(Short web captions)
..............................

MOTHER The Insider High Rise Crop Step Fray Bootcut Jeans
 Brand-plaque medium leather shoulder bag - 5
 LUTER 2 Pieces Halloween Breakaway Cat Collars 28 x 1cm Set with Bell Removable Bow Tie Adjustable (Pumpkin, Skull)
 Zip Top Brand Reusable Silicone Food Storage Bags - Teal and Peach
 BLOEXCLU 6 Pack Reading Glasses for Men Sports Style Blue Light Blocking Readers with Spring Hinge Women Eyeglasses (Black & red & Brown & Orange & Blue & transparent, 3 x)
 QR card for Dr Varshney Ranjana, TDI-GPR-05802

..............................

## Task brief:
Search the data above for the string "Brand" and return every line that has it.

## Response to this exercise:
 Brand-plaque medium leather shoulder bag - 5
 Zip Top Brand Reusable Silicone Food Storage Bags - Teal and Peach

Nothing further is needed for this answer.